## WHAT TO PRODUCE
With the string "Zimmer" as the filter, copy each matching line from the records.

-------- EXTRACTED RECORDS

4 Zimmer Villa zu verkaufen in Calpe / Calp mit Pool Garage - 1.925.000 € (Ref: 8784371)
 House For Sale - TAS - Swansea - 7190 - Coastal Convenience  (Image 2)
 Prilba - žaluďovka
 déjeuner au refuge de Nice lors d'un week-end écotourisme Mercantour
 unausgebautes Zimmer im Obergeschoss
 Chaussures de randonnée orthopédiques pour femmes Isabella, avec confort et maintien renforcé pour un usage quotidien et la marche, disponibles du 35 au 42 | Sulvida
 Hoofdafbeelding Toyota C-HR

----------------

## RESULT OF THE TASK
4 Zimmer Villa zu verkaufen in Calpe / Calp mit Pool Garage - 1.925.000 € (Ref: 8784371)
 unausgebautes Zimmer im Obergeschoss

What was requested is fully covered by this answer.